Dieser Text ist Teil einer Serie zum Krieg von 1967. Alle Beiträge der Serie findet Ihr hier

Vor dem Krieg im Juni 1967 hatten die Golan-Druseni nie eine große Rolle in den strategischen Überlegungen der damaligen politischen Eliten Israels gespielt. Die Drusen innerhalb der israelischen Grenzen waren zu diesem Zeitpunkt bereits erfolgreich kooptiert und leisteten seit den 1950er Jahren als einzige nicht-jüdische Bevölkerungsgruppe verpflichtend den Wehrdienst ab. Eher interessierte sich die israelische Führung für die Drusen im südsyrischen Jabal al-Druz, die bis heute mit Abstand zahlenmäßig größte drusische Bevölkerung im Nahen Osten – mehr als im Libanon oder Israel insgesamt.ii Von dort war Mitte der 1920er-Jahre eine zweijährige Revolte ausgegangen, die die französische Kolonialmacht an den Rand einer Niederlage in Syrien gebracht hatte. Später waren es neben Alawiten auch besonders drusische Militärs, die die Machtübernahme des militärischen Zweiges der Baath-Partei in Syrien ermöglichten. Aber erst 1966, ein Jahr vor dem Juni-Krieg, versuchten drusische Offiziere aus dem Jabal al-Druz erfolglos, gegen die alawitische Führung zu putschen. Kurzum, die Drusen im Jabal al-Druz waren 1967 durchaus als möglicher Faktor in Teilen der israelischen Regierung, zum Beispiel bei Vizepremier Yigal Allon, präsent.
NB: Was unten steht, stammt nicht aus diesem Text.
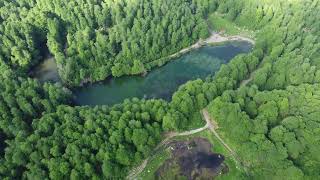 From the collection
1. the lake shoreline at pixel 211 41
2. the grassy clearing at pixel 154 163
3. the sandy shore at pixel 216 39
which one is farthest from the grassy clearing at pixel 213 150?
the sandy shore at pixel 216 39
Mit den Drusen auf den Golanhöhen (korrekt müsste es heißen: den Golanhöhen und dem Hermon) hatten die Israelis vor 1967 nicht viele Berührungspunkte gehabt. Die relativ kleinen Dörfer in großer Höhe waren eine vernachlässigbare Größe. Außerdem machten die Drusen stets nur einen kleinen Teil der Bevölkerung an der israelisch-syrischen Waffenstillstandslinie aus. Die überwiegende Mehrheit war arabisch-sunnitisch, mit (sunnitisch-)tscherkessischen und turkmenischen, christlichen, alawitischen sowie eben auch drusischen Minderheiten.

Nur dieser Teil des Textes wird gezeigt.